Hace doscientos años – 22 de octubre de 1814 – en la población de Apatzingán – hoy, de la Constitución – el primer congreso constituyente votó la primera Constitución del país y estamos, y debemos estar y ser orgullosos porque un hombre nacido, educado y trabajador en nuestra tierra, Don José María Morelos y Pavón, por encargo de su maestro, Miguel Hidalgo y Costilla, Padre de la Patria, prosiguió alentando y encendiendo el Fuego de la Libertad en la Tierra Caliente y concibió una idea que hizo diferente al movimiento armado iniciado por su maestro y le concedió el calificativo de Lucha Patria por la Independencia Nacional.
La Constitución de Apatzingán de 1814 es la cima de la etapa de Guerra de Independencia correspondiente a Don José Ma. Morelos y Pavón.
José Ma. Morelos y Pavón es el estadista que visiona una nación, una Patria y un Estado producto del ejercicio de la soberanía del pueblo, como fuente original del Poder.
Considera al Poder residente en el Pueblo como uno solo y único, que para ejercerse se deposita en un Legislativo, un cuerpo de diputados, electos por voto mayoritario del pueblo, estableciendo sus perfiles y características; en un Ejecutivo, electo por mayoría de votos, con su perfil y características determinadas y un Tribunal para impartir Justicia; agregando una característica más: no podrían – ni debían – residir dos o más poderes en una misma y única persona.
Ya en el documento llamado por él mismo Sentimientos de la Nación, señaló el espíritu y líneas y “pulsiones=sentires” del pueblo, que generaron bastantes artículos de texto constitucional de Apatzingán, que marcaron una línea para los futuros códigos superiores de la nación.
Además, y no deja de ser importante, Don José Ma.
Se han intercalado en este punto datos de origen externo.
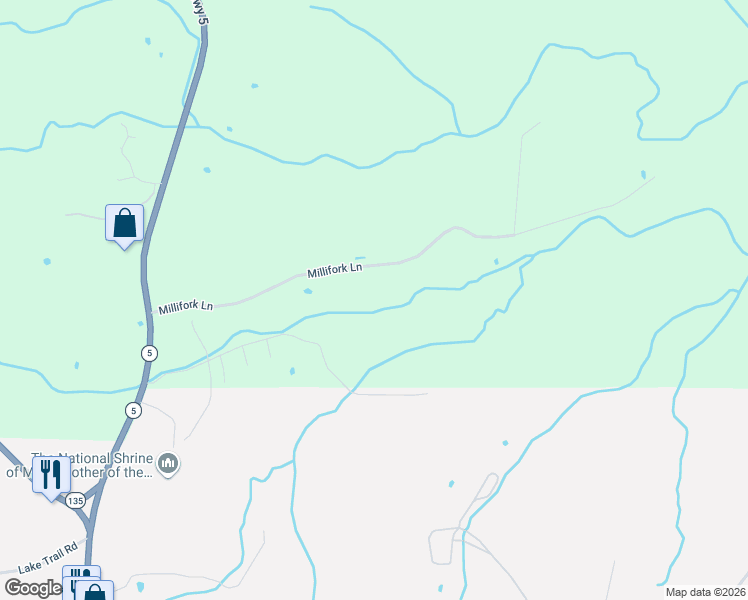 map of restaurants, bars, coffee shops, grocery stores, and more near 14047 Millifork Lane in Gravois Mills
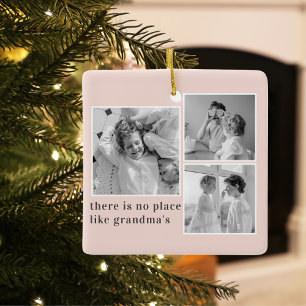 Collage Photo Pastel Pink Best Grandma Gift Ceramic Ornament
Morelos y Pavón, estableció el tipo de nación=Patria=Estado que seríamos, y somos: Una República Federal, con tres poderes: Ejecutivo, Judicial y Legislativo y con un procedimiento para su configuración: El voto popular, emanado de la soberanía natural que es el pueblo.
Es el primer líder del movimiento que señala de la Independencia Política y así queda plasmado en la Constitución de Apatzingán y los derroteros de las ideas que configuran nuestra actual nación, y sociedad, y que están e los textos fundamentales de nuestra patria Federalista y Republicana – constitución de 1857 y constitución de 1917 -ahí están en el texto primigenio de Don José Ma. Morelos y Pavón.
A doscientos años de su promulgación debemos felicitarnos de que haya sido en nuestra tierra y por nuestros hombres, quienes configuraron una nación, y una sociedad, como la que somos y que esos principios sean la semilla de las instituciones políticas de nuestro país.